Giving evidence to the inquiry headed by Lord Justice Sir Brian Leveson, Mr Major's testimony yesterday appeared to contradict evidence given by Mr Murdoch only two months ago.

In April, the media tycoon told the inquiry, which the government ordered after the phone-hacking scandal: "I have never asked a prime minister for anything. If any politician wanted my opinions on major matters, they only had to read the editorials in The Sun."

But Mr Major said yesterday that he had dinner with Mr Murdoch in February 1997, a few months before the general election that swept Tony Blair to office in a victory often attributed to The Sun switching its traditional backing for Mr Major's Conservatives to the Labour Party.

"Mr Murdoch said he really didn't like our European policies," Mr Major told the inquiry. "He wished me to change our European policies. If we couldn't change our European policies his papers could not, would not, support our Conservative government.

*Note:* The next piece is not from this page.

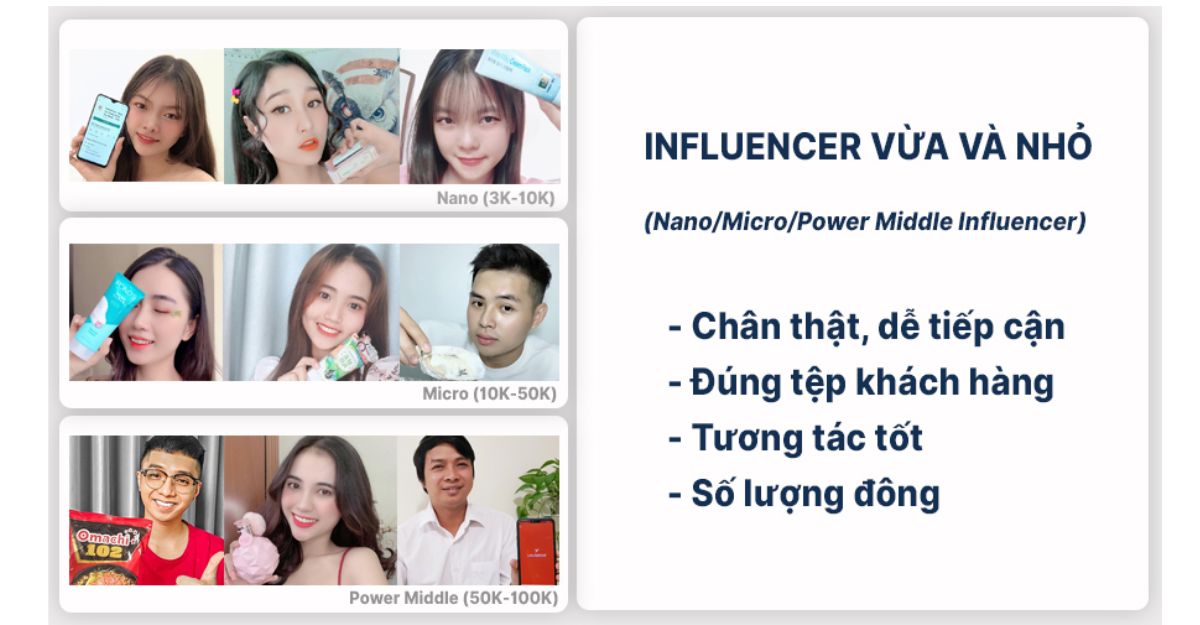 Nhóm Citizen Influencer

"As I recall he used the word 'we' when referring to his newspapers. He didn't make the usual nod to editorial independence."

Mr Major, who said he had invited Mr Murdoch to dinner on the advice of his aides because of the imminent election, said that the News Corp chairman appeared to favour a referendum on Britain leaving the European Union at the time.

The former PM, who succeeded Margaret Thatcher in 1990, said he made it clear "there was no question" of the government changing its pro-European policies at Mr Murdoch's behest.